Work to complete: Output all the data exactly. Pictures do not belong in the copy.

Supplied information:

- Opening Delimiter -

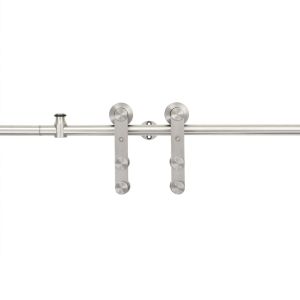 Kit ferragens p/ porta deslizante 183cm aço inoxidável prateado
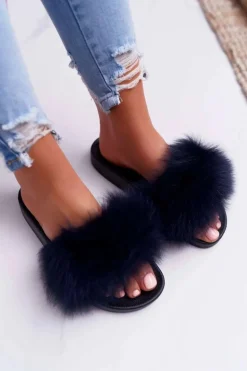 Damskie Klapki z Naturalnym Futerkiem Granatowe Naturis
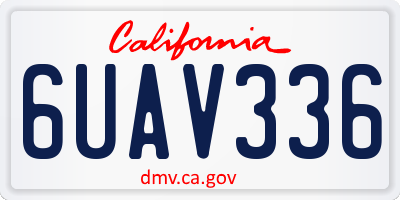 CA license plate 6UAV336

- Closing Delimiter -

Result of the exercise:
 Kit ferragens p/ porta deslizante 183cm aço inoxidável prateado
 Damskie Klapki z Naturalnym Futerkiem Granatowe Naturis
 CA license plate 6UAV336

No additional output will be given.